The tension between these conflicting scales--the generic world of corporate America and the fine-grained world of the independent, idiosyncratic entrepreneur--will add to the boulevard’s urban complexity, and potentially save it from becoming a sterile tourist zone, devoid of any human dimension.

So the solution is not to eradicate the mall, but to reinvent it.

With their faux public streets, cut off from the surrounding cityscape and cloaked in a veneer of nostalgia, projects such as the Grove contribute nothing of value to the public realm. The assumption--a cynical one--is that a public starved for urban contact will accept this theme-park version of reality as an adequate substitute for the real thing.

Such projects can make a drab, conventional mall like the Beverly Center, opened in 1982, look good by comparison. Designed by Welton Becket & Associates, the center’s hulking form--with its three floors of shops, stacked on top of parking and wrapped in a streamlined concrete skin--has often been compared to a beached whale. Nonetheless, the design also has a clarity that can almost seem refreshing by today’s standards. Despite its limited architectural ambitions, it is what the Modernists once referred to as an honest building, a design that reflects its age and values.

There are better options, however, than returning to such bland precedents.

In Europe and Asia, increasing numbers of architects are reexamining the role of shopping in the post-industrial age.
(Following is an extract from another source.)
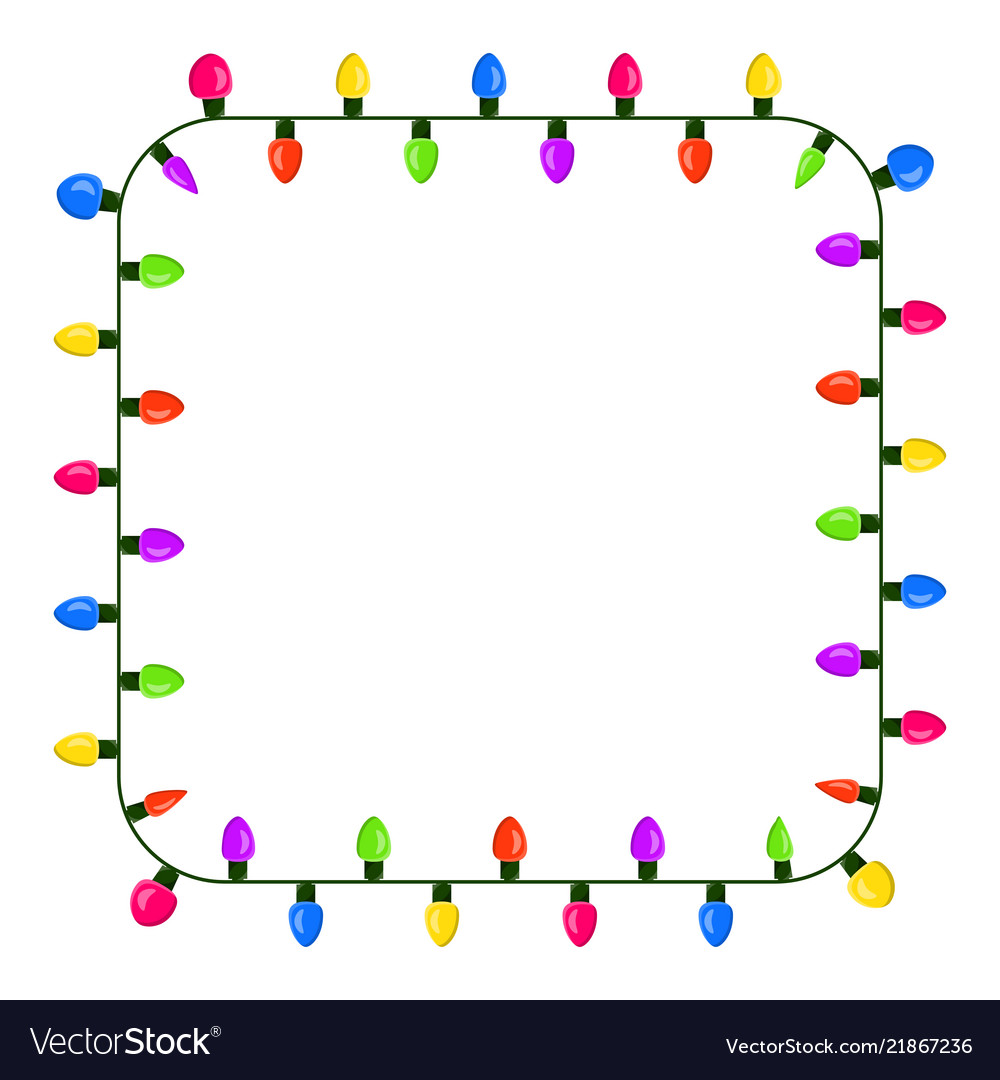 Christmas Light Garland Border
Daniel Libeskind’s planned 1.61-million-square-foot Westside mall in Bern, Switzerland; Zaha Hadid’s recently unveiled master plan for a 21-million-square-foot mixed-use development in Singapore; Coop Himmelblau’s proposed entertainment center in Guadalajara, Mexico--such designs aggressively explore the clash between public and private realms that is an inescapable aspect of the contemporary urban condition.

Stripped of nostalgic references, their dynamic, fragmented forms are also honest representations of the contemporary condition. Such work would fit neatly into L.A.’s best architectural traditions--its ambivalence about the past, its ethos as a place of radical experimentation pointed aggressively toward the future. Instead, the conventional developer continues to recycle worn-out ideas, terrified of taking risks with increasingly large sums of money. Even Jane Jacobs, an ardent preservationist, understood how deadly such formulas can become. “Cities,” she wrote more than 40 years ago, “are an immense laboratory of trial and error, failure and success.” Without that spirit of invention, Los Angeles is doomed to suffer more blows such as these.